Work item -> Copy the following data exactly and drop the pictures.

Exercise data ->
##########

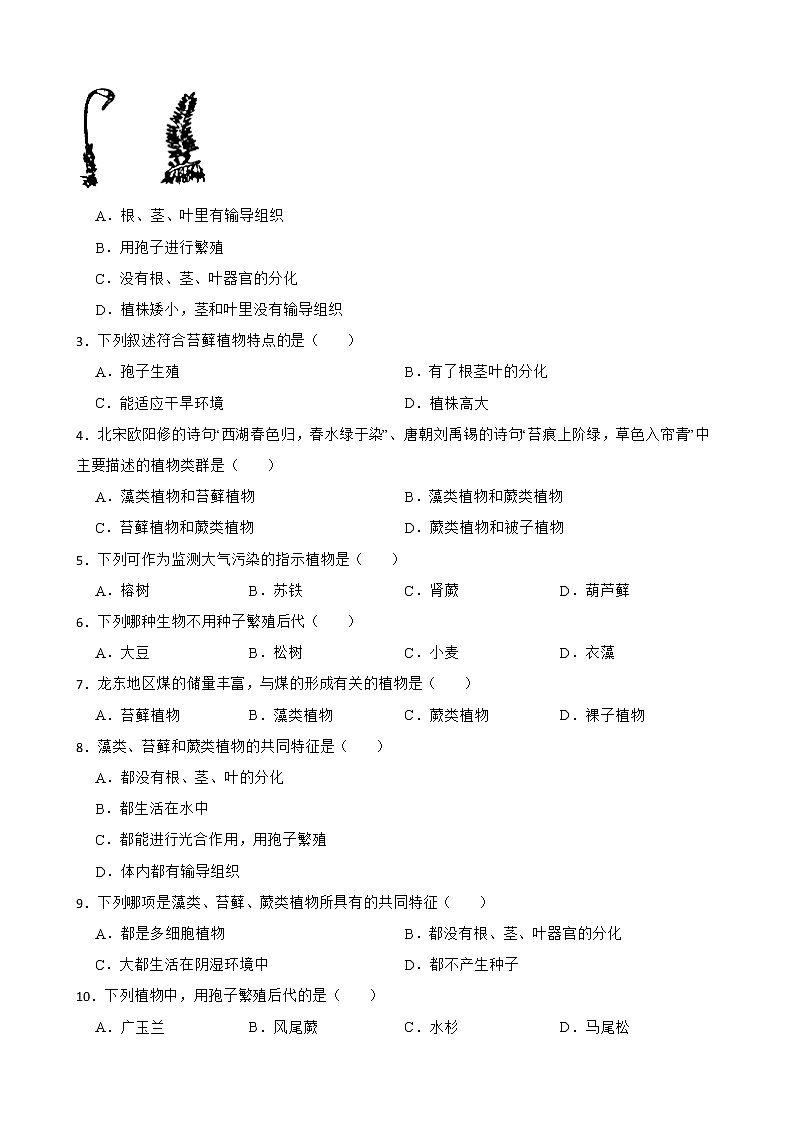 3.1.1藻类、苔藓和蕨类植物知识梳理及练习 2022-2023年人教版生物七年级上册02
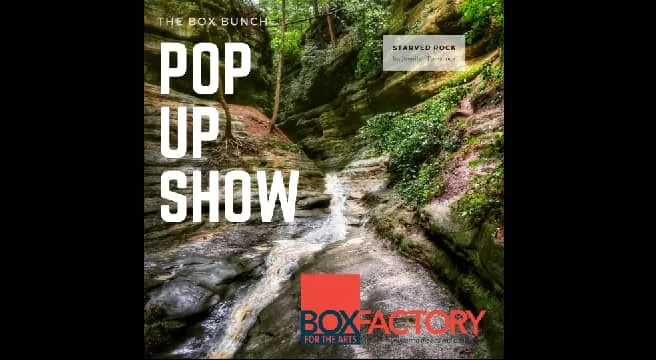 boxbunchpopupshow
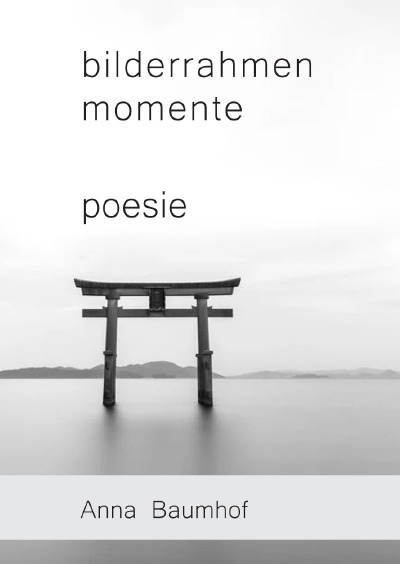 'Cover von bilderrahmenmomente'-Cover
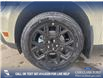 2025 Ford Maverick Lariat (Stk: 25T3209) in Olds - Image 6 of 25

##########

Task response ->
 3.1.1藻类、苔藓和蕨类植物知识梳理及练习 2022-2023年人教版生物七年级上册02
 boxbunchpopupshow
 'Cover von bilderrahmenmomente'-Cover
 2025 Ford Maverick Lariat (Stk: 25T3209) in Olds - Image 6 of 25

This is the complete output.